Instructure Claims Hackers Destroyed Stolen Data on 275 Million Users—Experts Don't Buy It
Instructure, the education technology company behind the Canvas learning management system, this week announced an agreement with the ShinyHunters extortion group following a breach that attackers claim exposed data tied to roughly 275 million students, teachers, and staff. The company stated it obtained "digital confirmation of data destruction" and assured affected institutions—nearly 9,000 universities and K-12 schools—that no extortion efforts would follow. Security analysts are not convinced.
"Do I believe they deleted the data? No. They're criminals and scumbags," Allan Liska, a threat intelligence analyst at Recorded Future who tracks ransomware and data-leak operations, told The Register. Liska referenced research by Stanford's Max Smeets describing this dynamic as "The Ransomware Trust Paradox"—the expectation that criminal actors will honor commitments they have every incentive to break. The pattern appears consistent: when organizations pay or negotiate for data deletion, evidence that files were actually destroyed remains scarce.

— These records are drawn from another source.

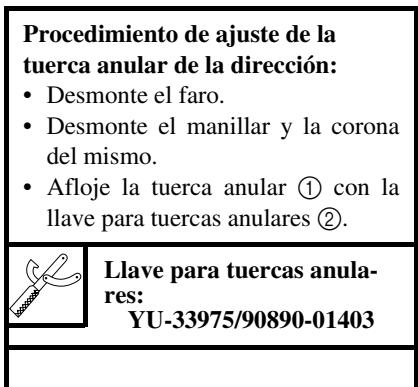 Procedimiento de ajuste de la tuerca anular de la dirección: • Desmonte el faro. • Desmonte el manillar y la corona del mismo. • Afloje la tuerca anular ① con la llave para tuercas anulares ②. Llave para tuercas anula- res: YU-33975/90890-01403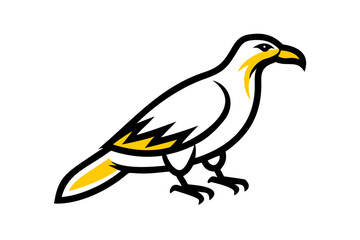 a colorful bird of buzzard line art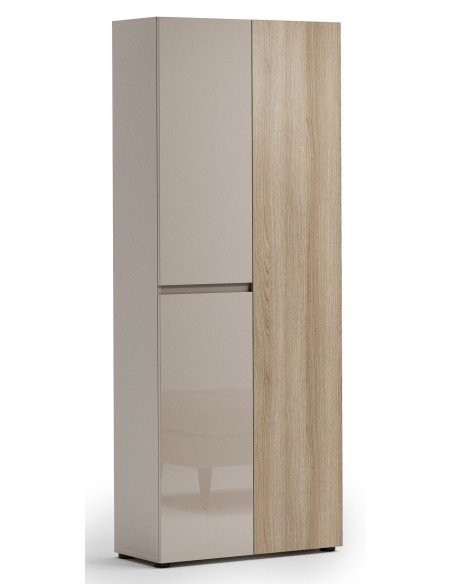 Armadio multiuso scarpiera 3 ante cashmere laccato lucido - rovere altezza 2 metri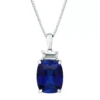 Gemminded Sterling Silver Lab-Created Sapphire & Lab-Created White Sapphire Accent Pendant Necklace -Gemminded Jewelry 4533854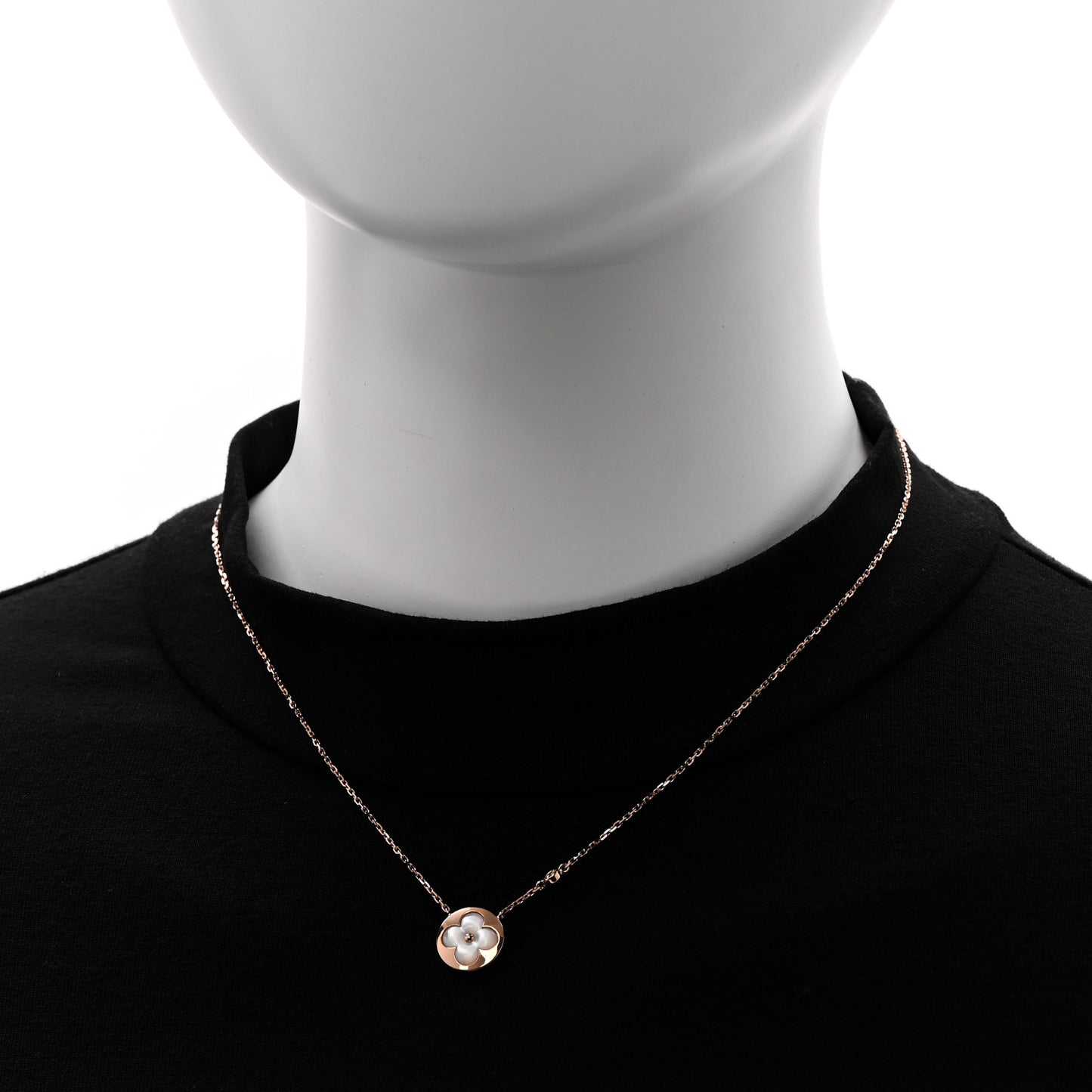 18K Pink Gold Diamond Mother of Pearl Color Blossom BB Sun Pendant Necklace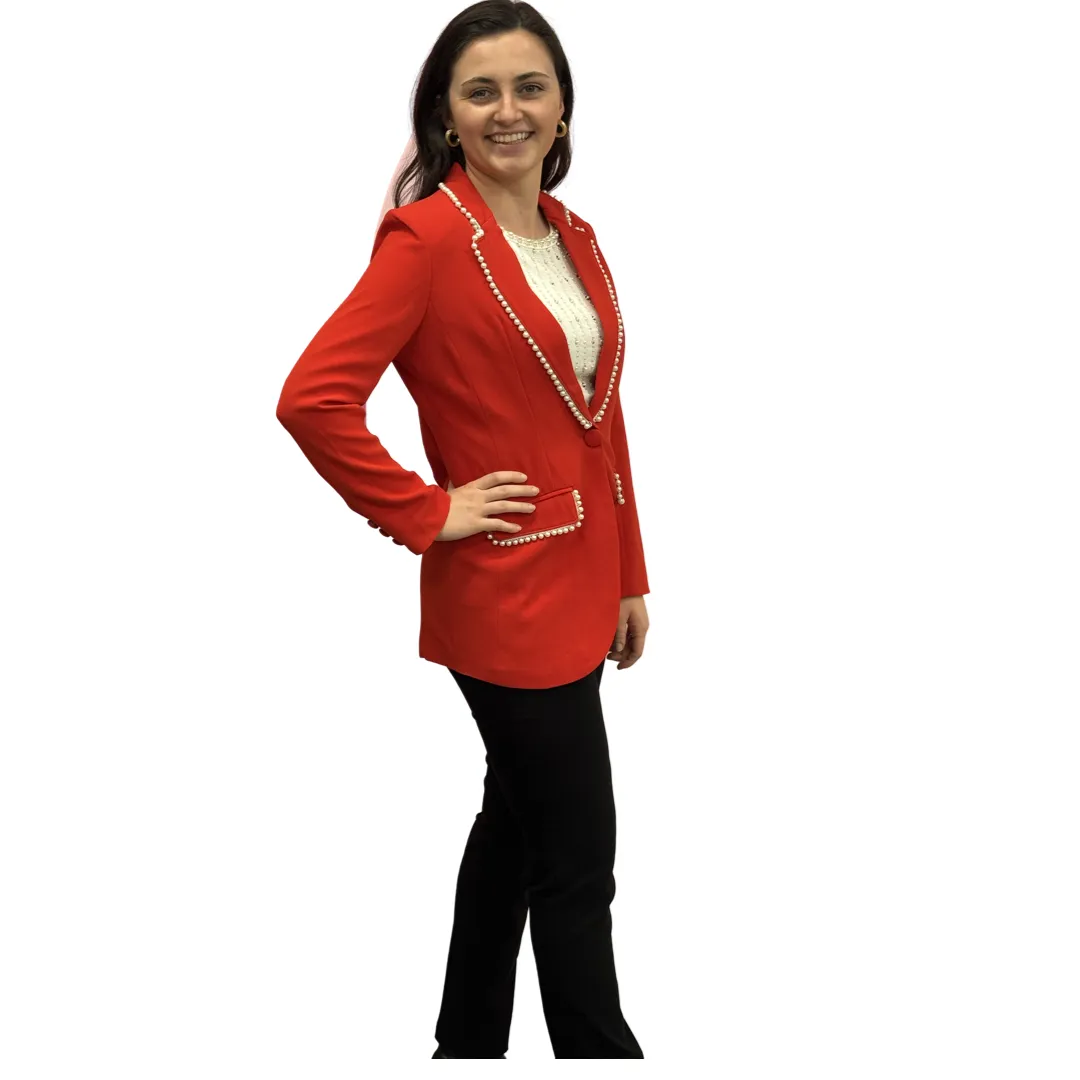 The Palmer Pearl Trimmed Blazer in Poppy Red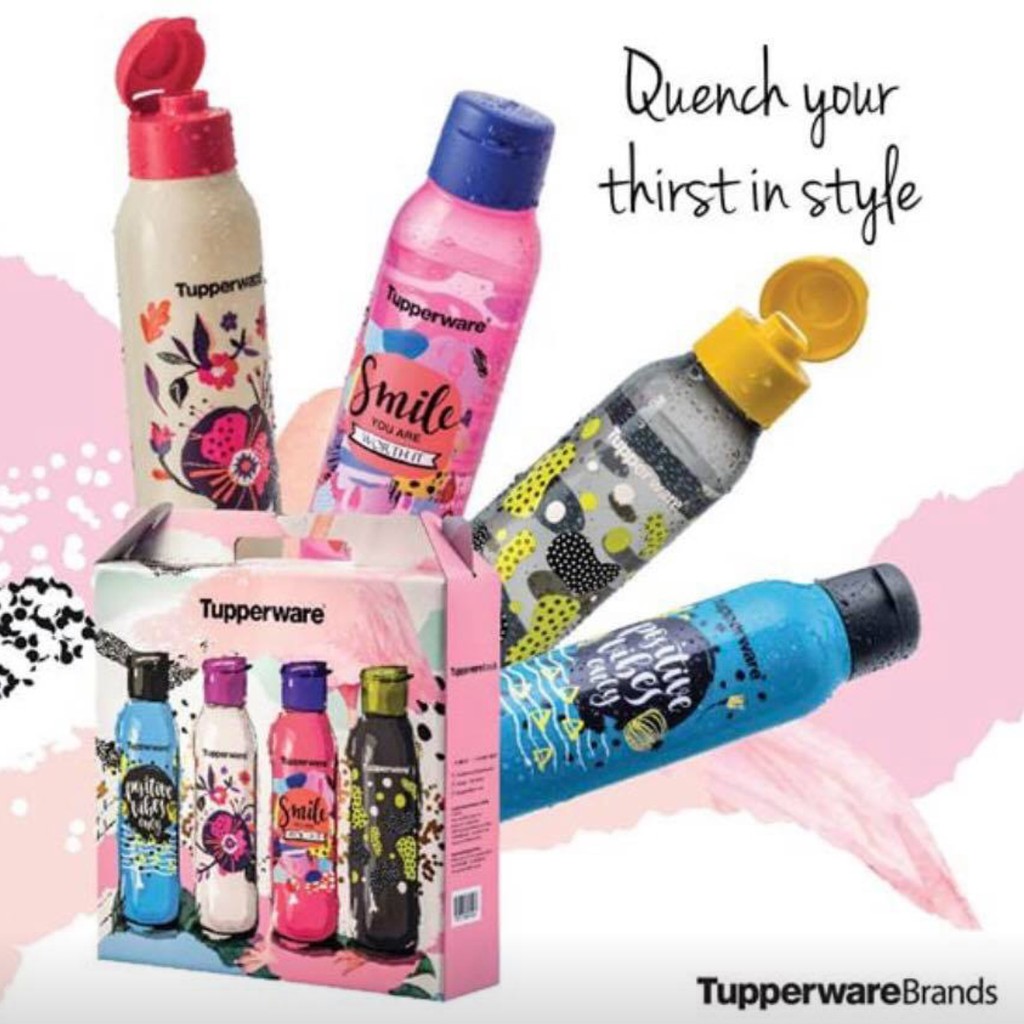Tupperware Cool N Chic Round Eco Bottle (4) 750ml - Flip Top Cap ...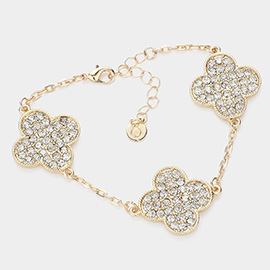 Triple Stone Paved Quatrefoil Link Bracelet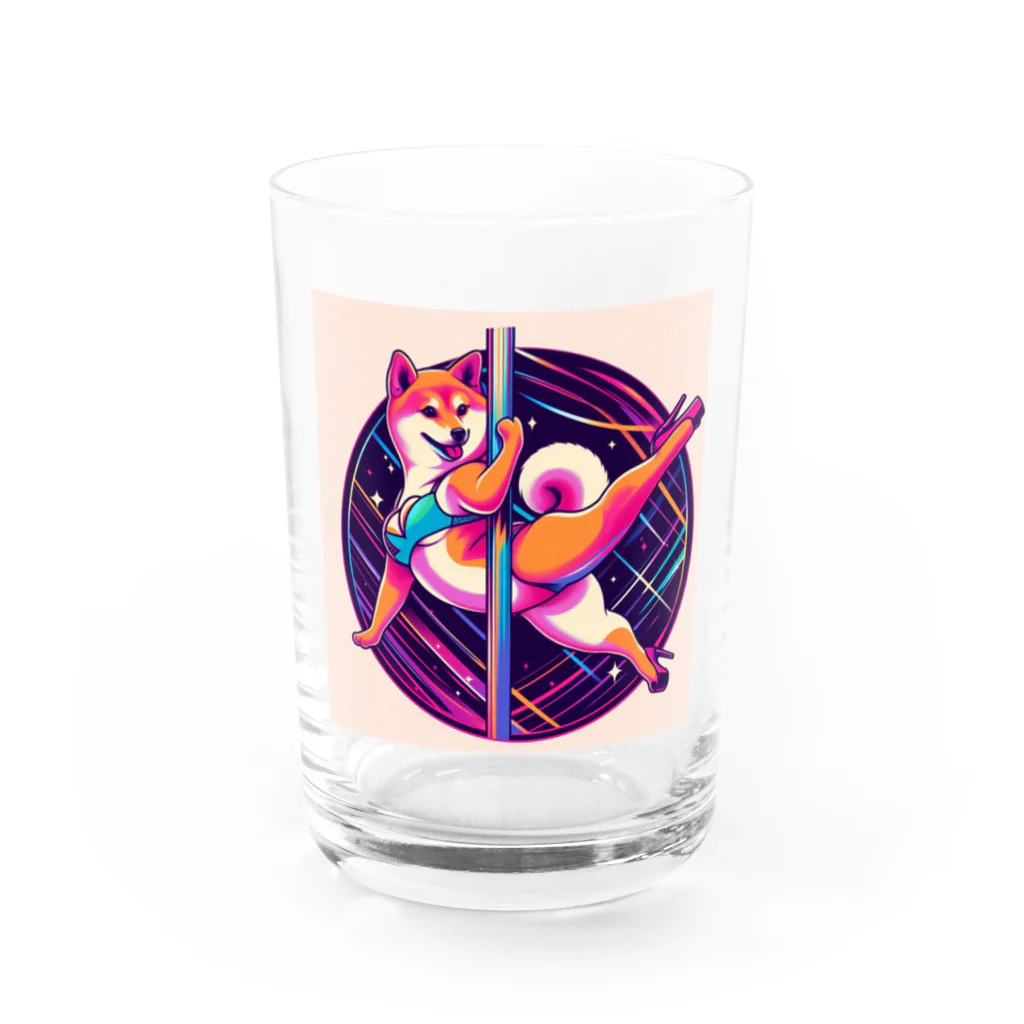 TokyoKimchiのポールダンス踊る柴犬ウニ Water Glass :front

The incident puts immense pressure on the education sector, which has become a high-value target for threat actors due to the depth of personal and institutional data it holds. Beyond the immediate privacy risks for millions of individuals, the breach raises questions about Instructure's security posture and the adequacy of protections for sensitive educational records. Whether ShinyHunters actually relinquished the data or retains copies for future leverage remains unknown. Until independent verification emerges, the affected institutions—and the 275 million people whose information may have been compromised—face continued uncertainty about where that data now resides.